Threshold and Lennard-Jones resonances and elastic lifetimes in the scattering of atoms from crystalline surfaces

In this paper we apply the GR method for solving the scattering equations of atoms from a hard corrugated surface, on accelerated particles above a hard corrugated surface and a hard corrugated surface with an attractive well. The solutions are given for the Rayleigh hypothesis that under the range of corrugation presented in this paper leads to the exact ones. Threshold resonances are studied observing that the appearance and disappearance of beams must be for a general theory with vertical tangent. The structure of the Lennard-Jones resonances given for the model mentioned above. For the first time it is stressed that Lennard-Jones resonances are not observed in metal surfaces in general, and, accordingly, they are unobserved in compact metallic surfaces. This is correlated with the fact that diffraction has not been observed. Both facts are due to the very weak corrugation of the gas-metal interaction potential.

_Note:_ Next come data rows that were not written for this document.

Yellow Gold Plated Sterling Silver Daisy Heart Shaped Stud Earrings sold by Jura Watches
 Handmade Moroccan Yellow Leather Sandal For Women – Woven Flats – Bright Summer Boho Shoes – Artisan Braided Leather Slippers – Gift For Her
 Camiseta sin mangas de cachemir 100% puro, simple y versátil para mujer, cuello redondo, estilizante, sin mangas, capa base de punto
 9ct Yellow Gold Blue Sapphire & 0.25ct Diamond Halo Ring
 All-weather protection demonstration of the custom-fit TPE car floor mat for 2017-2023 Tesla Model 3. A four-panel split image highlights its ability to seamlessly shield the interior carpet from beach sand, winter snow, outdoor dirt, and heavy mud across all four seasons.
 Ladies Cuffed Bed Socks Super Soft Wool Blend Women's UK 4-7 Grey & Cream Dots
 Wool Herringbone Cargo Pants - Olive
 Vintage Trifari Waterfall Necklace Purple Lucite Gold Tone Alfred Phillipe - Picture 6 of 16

According to our results, the Lennard-Jones resonances in metals present greater difficulties to be observed experimentally. We also note that the absence of diffraction in compact metal surfaces is because they are almost plane and not because of the Debye-Waller effect. Finally, we have calculated the lifetimes of the atoms at the crystal surfaces. These are larger, the smaller the incident energy and the larger the corrugation. But the lifetimes are particularly large at resonance condition (10^?11 s).